Since those trees aren’t at risk of supporting a beetle infestation or choking healthy stands of lodgepole pines, Smith is unable to get a permit to remove those trees. Instead, the law prohibits those types of trees to be commercially harvested, because they provide critical habitat.
Since the mid-1980s, there has been an effort to study and reintroduce the lynx into its native habitat throughout Colorado, including the Gunnison National Forest. Because small trees provide cover for the snowshoe hare, which is the lynx’s favorite prey, they are preserved in many areas in an effort to sustain the hare population.
“I was told that I can’t cut trees on the 1.3 million acres in my back yard because there might be two Canadian lynx running around out there and we don’t want to disturb them. It also means, even if I could get in there to cut, I wouldn’t be able to cut a tree with branches within three feet of the ground. That’s every Christmas tree,” says Smith.
All those Christmas trees make a forest; Dawson says part of his job is to see the forest for more than just the trees.
“If there is a conflict between a commercial forest use and a species of concern, like the lynx, we will always side with the lynx,” Dawson says, and when the species of concern is linked to a prey species, like the hare, which relies on a specific habitat, the habitat will generally be preserved.
The habitat that is preserved to protect the lynx also serves the interests of several groups in the area that use the national forest for commercial guide services.
The Crested Butte Nordic Center offers guided tours to backcountry huts in the area, like those in the 10th Mountain Division hut system.
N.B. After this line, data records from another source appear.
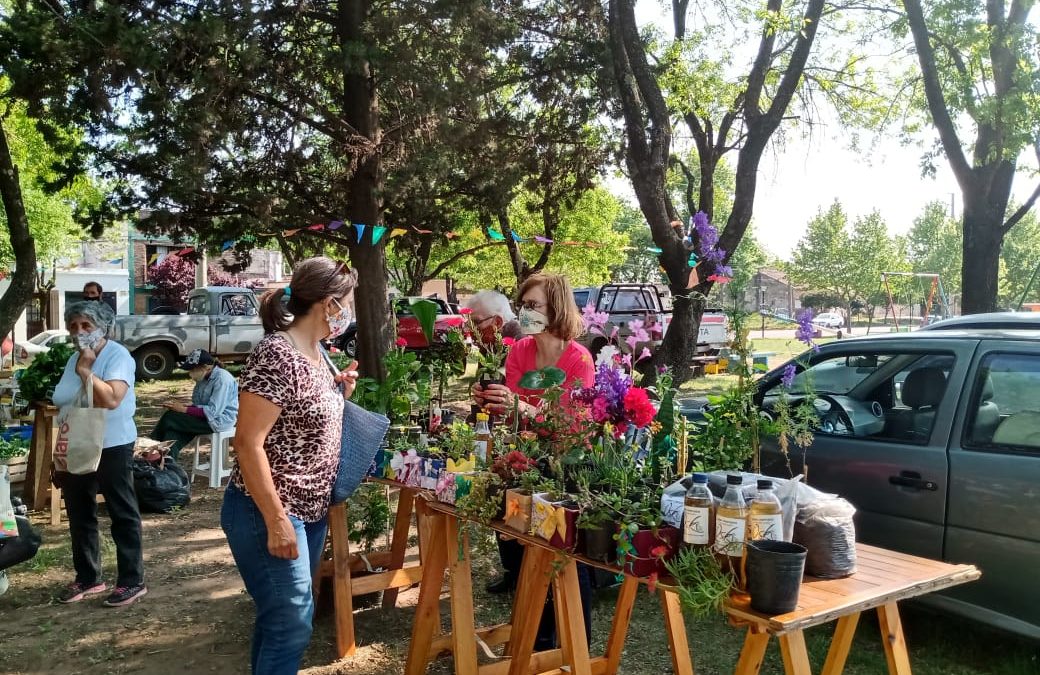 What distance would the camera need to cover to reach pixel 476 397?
3.34 metres

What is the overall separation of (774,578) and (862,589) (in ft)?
1.24

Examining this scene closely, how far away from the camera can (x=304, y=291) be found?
103 inches

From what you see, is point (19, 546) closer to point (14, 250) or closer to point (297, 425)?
point (297, 425)

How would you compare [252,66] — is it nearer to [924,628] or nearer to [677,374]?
[677,374]

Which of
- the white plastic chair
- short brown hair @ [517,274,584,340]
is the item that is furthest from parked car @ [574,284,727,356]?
short brown hair @ [517,274,584,340]

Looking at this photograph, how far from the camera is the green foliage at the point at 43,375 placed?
6574mm

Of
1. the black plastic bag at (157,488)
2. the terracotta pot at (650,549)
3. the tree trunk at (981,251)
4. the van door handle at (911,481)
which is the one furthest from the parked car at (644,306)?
the terracotta pot at (650,549)

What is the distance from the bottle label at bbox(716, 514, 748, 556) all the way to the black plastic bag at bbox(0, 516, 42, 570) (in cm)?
303

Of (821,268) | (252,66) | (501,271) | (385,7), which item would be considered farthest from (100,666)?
(821,268)

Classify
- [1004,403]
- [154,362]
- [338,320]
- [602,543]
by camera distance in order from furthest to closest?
1. [154,362]
2. [1004,403]
3. [338,320]
4. [602,543]

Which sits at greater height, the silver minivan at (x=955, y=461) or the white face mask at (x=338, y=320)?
the white face mask at (x=338, y=320)

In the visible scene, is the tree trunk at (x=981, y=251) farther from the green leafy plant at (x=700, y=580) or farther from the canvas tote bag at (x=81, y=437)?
the canvas tote bag at (x=81, y=437)

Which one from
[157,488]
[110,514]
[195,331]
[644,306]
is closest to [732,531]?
[110,514]

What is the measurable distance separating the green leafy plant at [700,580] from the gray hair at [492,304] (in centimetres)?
201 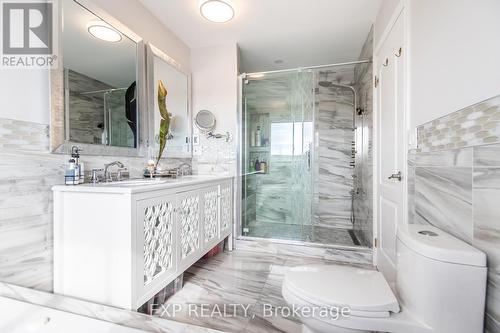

He says people aren’t making the 15-mile trip into the national forest to take anything but photos.
“Most of the people we deal with are snow-shoeing and cross-country skiing and they’re looking to enjoy the natural beauty,” Nordic Center manager Mark Smiley says.
Dave and Lisa Mapes use the national forest for their livelihood, as the owners of Cosmic Cruisers sled dog tours and Quaking Aspen Outfitters.
Lisa Mapes, who has been in the business of mushing dogs for 15 years, takes her clients 12-20 miles into the forest, often using snowmobile tracks to give her dogs firm footing.
She says that although they sometimes run into conflict with snowmobilers who are driving too fast, she has to remember that she needs them to get her clients away from their cell phones and into the quiet.
“If people can slow down in life they change. They change the way  they talk, it’s slower once they’re out there, they get really quiet and they just take it all in,” says Mapes.
Although she doesn’t always understand or agree with the way the forest is managed, Mapes says she has no problem with the managers.
“I really think they’re looking out for the best interest of the forest. I really do think they look at what the public wants and they do really respond to what we want. We just have to be consistent and persistent,” she says.
Keeping the national forest in a condition that can be used by everyone, even if it isn’t in the backyard, is what the Forest Service does, says Dawson, and balancing the various interests that make up the ‘your’ in “protecting your national forest,” that’s business as usual.